Dr. Alexander Lowen erweiterte das Konzept von Wilhelm Reich zu einer tiefenpsychologisch fundierten Körperpsychotherapie, der „Bioenergetischen Analyse“.

Der Unterschied zu herkömmlichen analytischen Techniken besteht darin, dass der Patient zuerst und vor allem als Einheit gesehen wird.
Dabei wird nicht nur das psychische Problem des Patienten angesehen, sondern auch der körperliche Ausdruck dieses Problems. Dies zeigt sich in der Körperstruktur und in den Bewegungen des Patienten. Dazu gehört ein systematischer Versuch, die physische Spannung zu lösen, die in chronisch angespannten Muskeln zu finden ist.

Körper und Geist beeinflussen sich gegenseitig. Was ich denke, hat Einfluss darauf was ich fühle und umgekehrt.

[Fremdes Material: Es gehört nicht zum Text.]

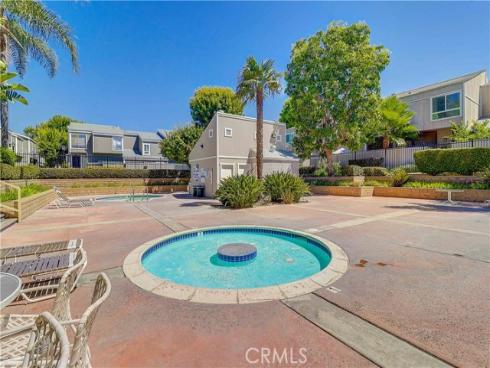 2910 S Greenville  H , Santa Ana, CA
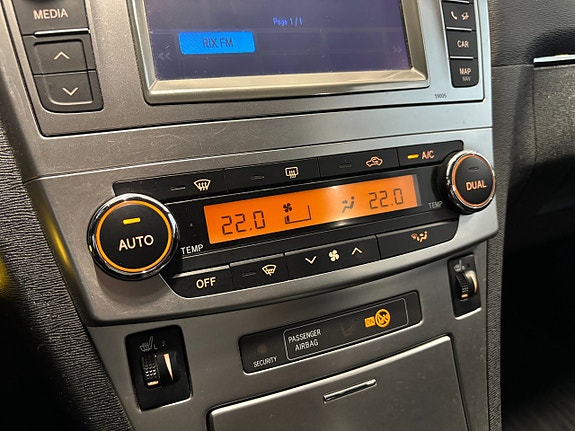 Toyota Avensis 16 of 18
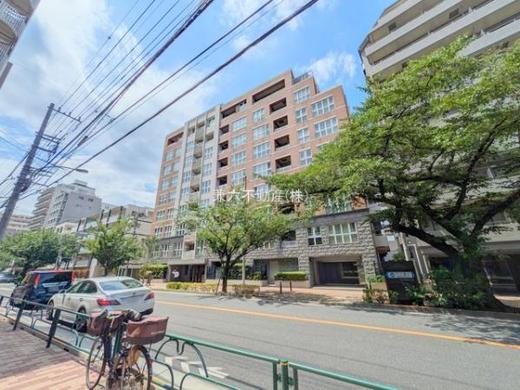 練馬区桜台1丁目 6,990万円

Anspannung von Atmung und Muskulatur ermöglicht die Abwehr von Emotionen, wie ängstlichen Gefühlen, Ärger und Wut, schränkt aber gleichzeitig unsere Energie ein.
Um uns vor verschiedenen Ängsten und Bedrohungen zu schützen, geben wir schon früh im Verlauf unseres Lebens Teile unserer Vitalität auf. Wir haben uns gegen die Bedrohungen „gepanzert“.
Diese Panzerung zeigt sich in spezifischen Abwehrmustern, unserer Charakterstruktur.
Die Charakterstruktur stellt den besten Kompromiss dar, den der Betreffende in Anbetracht seiner kindlichen Lebensumstände schließen konnte. Sie entscheidet auch heute noch darüber, wie ein Mensch mit seinem Bedürfnis nach Liebe, seinem Bemühen nach Intimität und körperlicher Nähe, seinem Streben nach Lust und Selbst – Ausdruck fertig wird.
Die grundlegenden Funktionen des Körpers, Atmung, Bewegung, Gefühl und Selbst – Ausdruck sind blockiert.
Chronische Anspannungen finden ihren Ausdruck in Körperhaltung, Atmung, Mimik und Gestik.
Wachsamkeit, Panzerung, Misstrauen und Isolation schränken das freie Fließen der Lebensenergie eines Menschen ein.
Mit diesen Mitteln schützen wir uns selbst davor verletzt zu werden, was vielleicht in der aktuellen Situation verständlich scheint.
Wenn aber solche Haltungen zum Bestandteil des Charakters oder der Persönlichkeitsstruktur werden, rufen sie bleibende Schäden hervor.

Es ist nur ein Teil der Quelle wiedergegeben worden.